In each of his first three seasons, Donovan played for a team which went out of business. He started out with the first Baltimore Colts, who folded after his rookie season in 1950, followed by the New York Yanks in 1951, and their successor, the Dallas Texans, in 1952. After the Texans franchise was moved to Baltimore in 1953 and became the second Baltimore Colts, Donovan played with that team. He became one of the stars in an outstanding defense and was selected to five straight Pro Bowls, from 1953 through 1957. The Colts won back-to-back championships in 1958 and 1959.
He published an autobiography, Fatso, in 1987. He was noted as a jovial and humorous person during his playing career and capitalized on that with television and speaking appearances after retiring as a player. He owns and manages a country club near Baltimore. Donovan also appeared on the Late Show with David Letterman, telling humorous stories about his old playing days and about other "old school" footballers he played with and against. He related a story that he played without a helmet and in fact is shown on football cards without a helmet. Letterman wore Donovan's No. 70 Colts jersey in the infamous Super Bowl XLI commercial with Oprah Winfrey and Jay Leno.

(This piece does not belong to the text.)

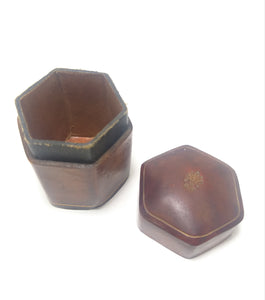 Vintage Genuine Leather Clad Ring Box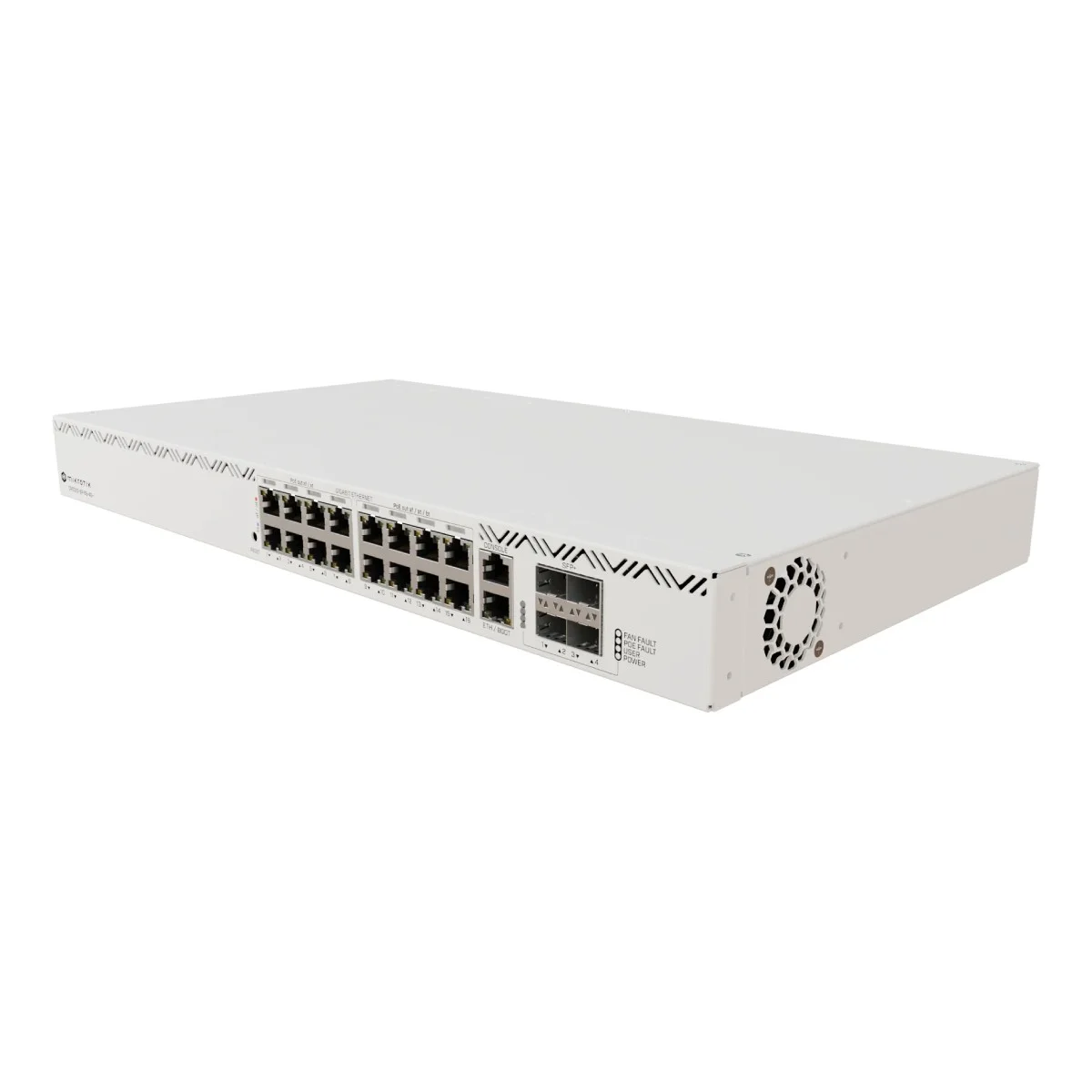 Uno switch di rete bianco con molte porte e una ventola sul lato.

Donovan also made a guest appearance in the Nickelodeon show The Adventures of Pete & Pete in the episode, "Space, Geeks, and Johnny Unitas." Art also appeared as a guest commentator at the WWF 1994 King of the Ring. During the broadcast, he made several errors, asked absurd questions like "How much does this guy weigh?" and seemed to be lost throughout the night. He was so out of place, that regular announcer Gorilla Monsoon ignored him during the 2nd half of the show.
He was co-host of the popular 1990s program Braase, Donovan, Davis and Fans on WJZ-TV in Baltimore with Colt teammate Ordell Braase. The trio talked more about Art Donovan's fabled stories than contemporary NFL football, but the show held high ratings in its time period.